#### TASK DESCRIPTION
Each line in the material below, starting at the one that contains "Rotatable Magnetic Wooden" and ending at the one that contains "Boho Resin Deer", should be repeated exactly; the pictures should not.
┌─ RECORD EXTRACTS
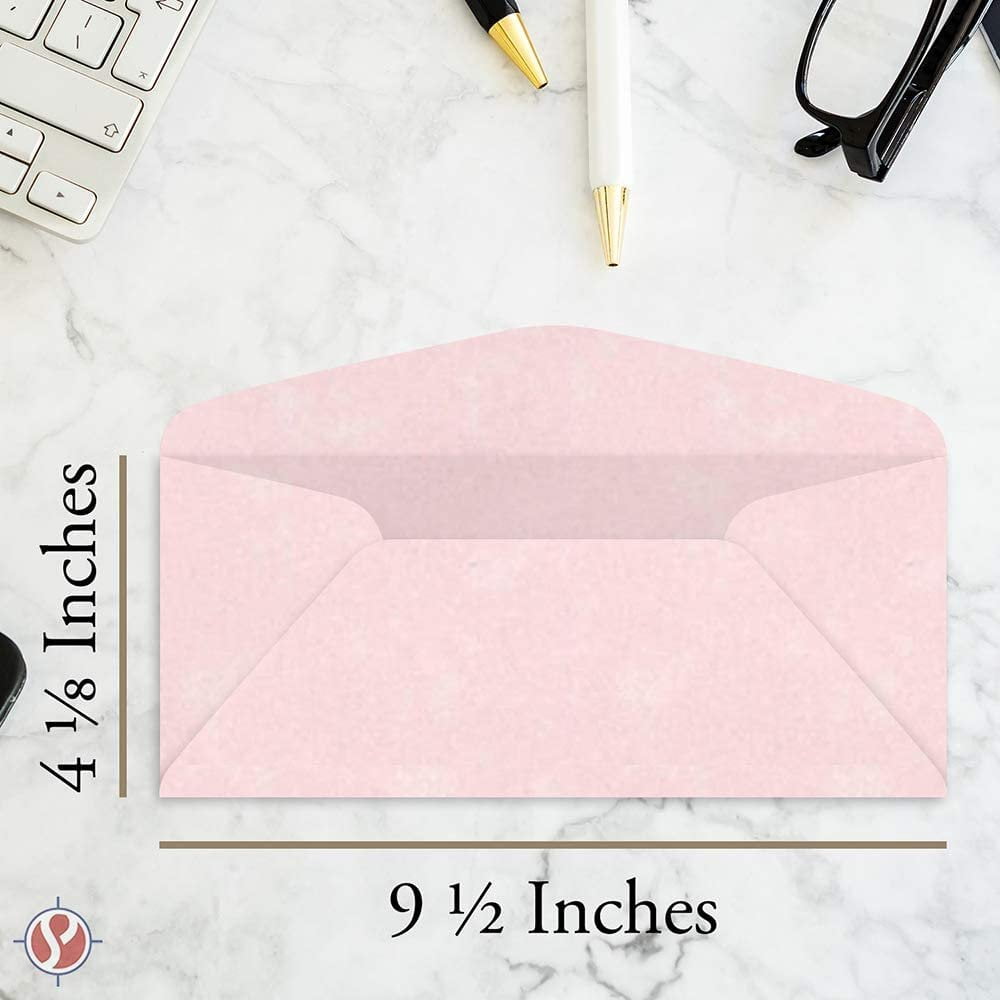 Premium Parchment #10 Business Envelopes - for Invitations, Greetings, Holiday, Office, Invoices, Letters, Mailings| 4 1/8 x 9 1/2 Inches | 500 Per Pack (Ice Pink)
└─
┌─ RECORD EXTRACTS
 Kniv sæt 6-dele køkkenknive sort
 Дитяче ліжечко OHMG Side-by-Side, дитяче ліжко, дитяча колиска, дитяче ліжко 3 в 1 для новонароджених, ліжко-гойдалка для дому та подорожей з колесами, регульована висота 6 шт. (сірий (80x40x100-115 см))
└─
┌─ RECORD EXTRACTS
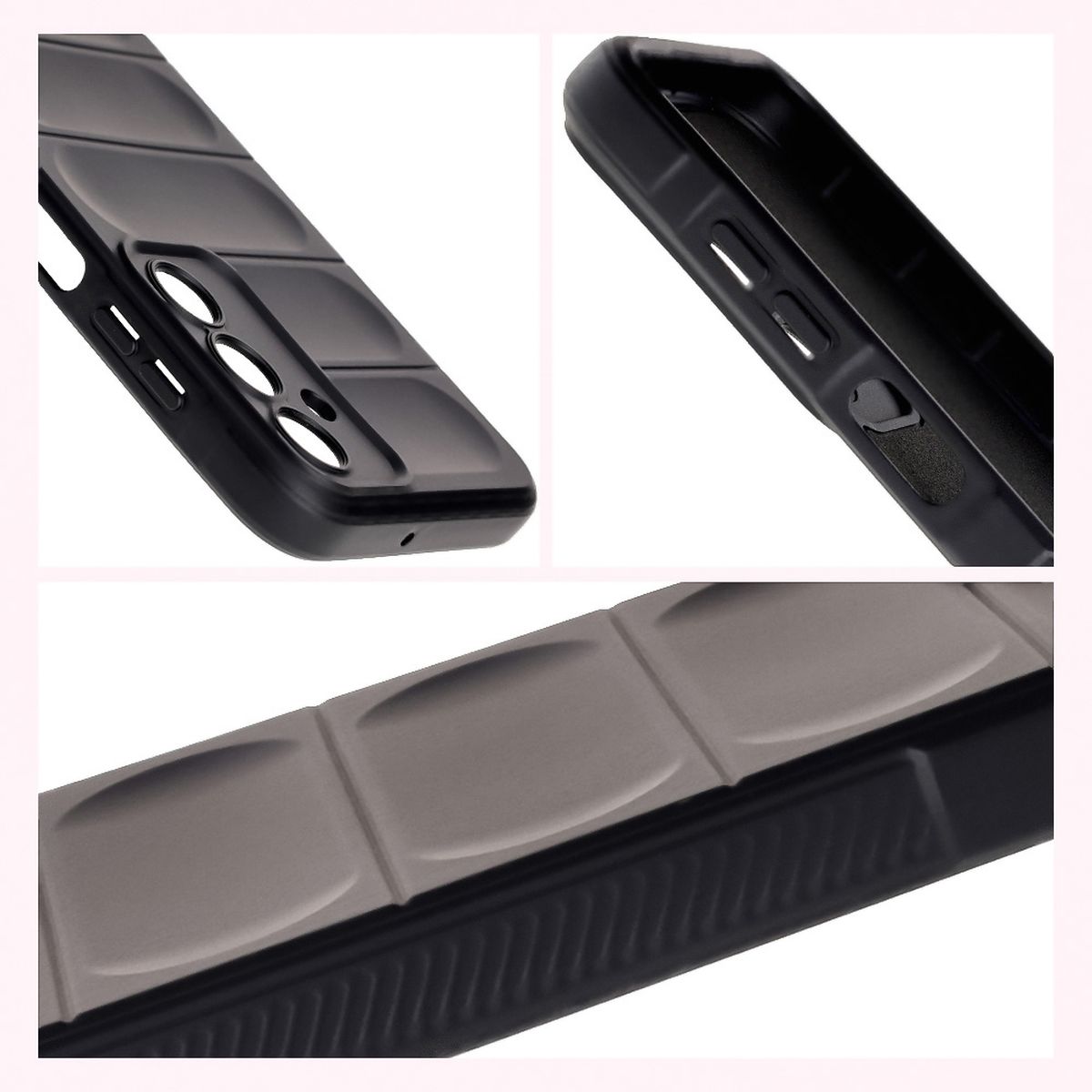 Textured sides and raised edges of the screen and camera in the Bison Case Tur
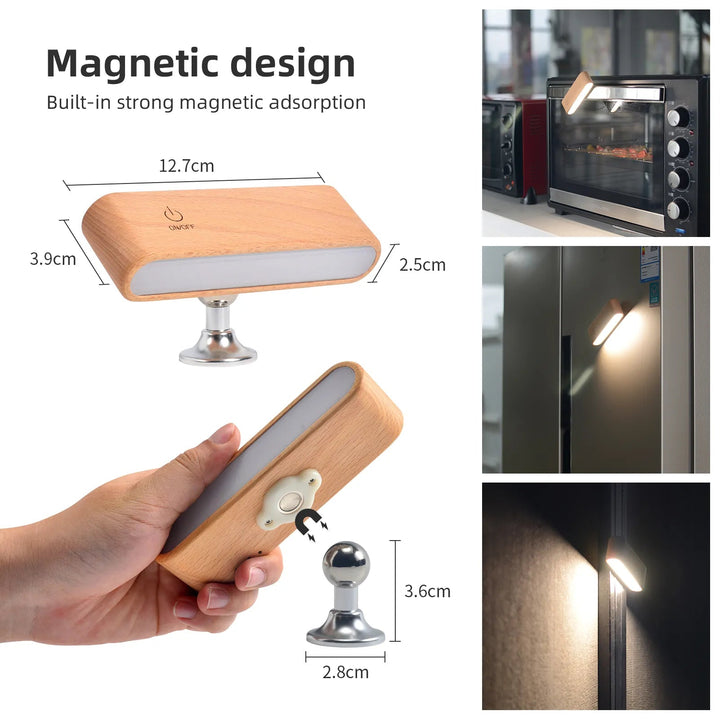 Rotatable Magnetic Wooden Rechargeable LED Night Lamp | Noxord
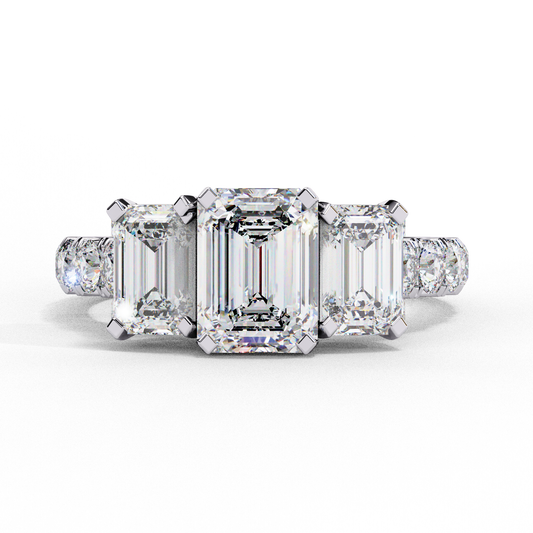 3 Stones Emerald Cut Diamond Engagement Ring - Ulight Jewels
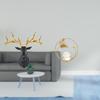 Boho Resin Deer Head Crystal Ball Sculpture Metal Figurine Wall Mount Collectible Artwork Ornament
└─
#### RESULT OF THE EXERCISE
 Rotatable Magnetic Wooden Rechargeable LED Night Lamp | Noxord
 3 Stones Emerald Cut Diamond Engagement Ring - Ulight Jewels
 Boho Resin Deer Head Crystal Ball Sculpture Metal Figurine Wall Mount Collectible Artwork Ornament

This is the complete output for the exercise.